"Just who is Alexei Navalny and why should I care?" - a fair question. Russian politics, a lot of the time, seems very far from our own. Defence is a constant issue in their discourse, nationalism is not treated with the same suspicion as it is here and a topless man riding a horse in a stetson and bad sunglasses is not political suicide. Yet Alexei Navalny is a name that has kept cropping up over the last two years of political protest in Russia and is a name that will surely keep cropping up with every passing controversy.
Action Man? (photo taken under creative commons from Jedimentat44) |
In the eyes of Russia's new(ish) middle class Alexei Navalny is the figurehead of legitimate, pro-democratic opposition. A lot of factors have worked in his favour. He's neither a member of the aged Communist Party nor of one of the older, mustier, democratic parties like Yabloko from the days of Yeltsin. His understanding of the power of blogging and clever use of language has earned him a popularity with tech-savvy youth that no Western politician short of Obama, Tom Watson or, perhaps, David Lammy could rival.
In the eyes of the state he is a loud-mouthed, serial-tweeter with a very threatening agenda. For many political cynics his recent sentencing to 5 years in prison for embezzlement seems a little too well-timed and out of character for a man who has been looking to uproot the very same kind of self-serving abuse of power. (http://www.bbc.co.uk/news/world-europe-23348735)
Alexei Navalny (photo taken under creative commons) |
If all these aforementioned things are part of what defines Alexei Navalny and shapes his context in our world then I have still yet to answer why we should care.
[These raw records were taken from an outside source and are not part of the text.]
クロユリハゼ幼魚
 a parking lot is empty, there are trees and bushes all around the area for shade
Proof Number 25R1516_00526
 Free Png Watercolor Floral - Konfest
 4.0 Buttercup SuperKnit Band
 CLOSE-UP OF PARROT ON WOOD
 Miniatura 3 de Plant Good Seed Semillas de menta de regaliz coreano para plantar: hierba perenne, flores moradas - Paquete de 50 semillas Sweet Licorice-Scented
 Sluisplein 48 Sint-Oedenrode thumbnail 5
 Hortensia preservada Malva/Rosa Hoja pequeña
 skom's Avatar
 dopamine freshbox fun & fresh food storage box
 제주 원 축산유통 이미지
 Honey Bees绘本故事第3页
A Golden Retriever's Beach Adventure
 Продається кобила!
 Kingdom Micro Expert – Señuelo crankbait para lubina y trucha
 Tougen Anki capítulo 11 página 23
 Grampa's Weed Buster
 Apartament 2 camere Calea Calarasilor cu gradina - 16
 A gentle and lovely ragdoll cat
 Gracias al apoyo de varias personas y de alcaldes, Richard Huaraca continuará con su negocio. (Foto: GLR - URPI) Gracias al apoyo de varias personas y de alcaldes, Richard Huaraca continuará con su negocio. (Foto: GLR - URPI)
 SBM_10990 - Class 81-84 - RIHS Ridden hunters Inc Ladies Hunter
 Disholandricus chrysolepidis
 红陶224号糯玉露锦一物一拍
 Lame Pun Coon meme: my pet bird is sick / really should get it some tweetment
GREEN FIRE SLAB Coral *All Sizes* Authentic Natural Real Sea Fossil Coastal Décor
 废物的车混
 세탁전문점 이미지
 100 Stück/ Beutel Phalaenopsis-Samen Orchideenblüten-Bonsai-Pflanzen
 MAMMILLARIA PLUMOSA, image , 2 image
Simply put he is a figurehead for change in a country that is once again showing its significance on the world stage. He is a man who has the potential to push Russian democracy in a new direction and to take steps to outlaw the corruption that seems to have seeped into Putin's Russia. Whether or not Alexei Navalny will make a transition to a position of power he is living proof that Russia is establishing a new class of protest citizen for the digital age, that is, at least, in Moscow where free broadband is readily available and Russians live in relative affluence.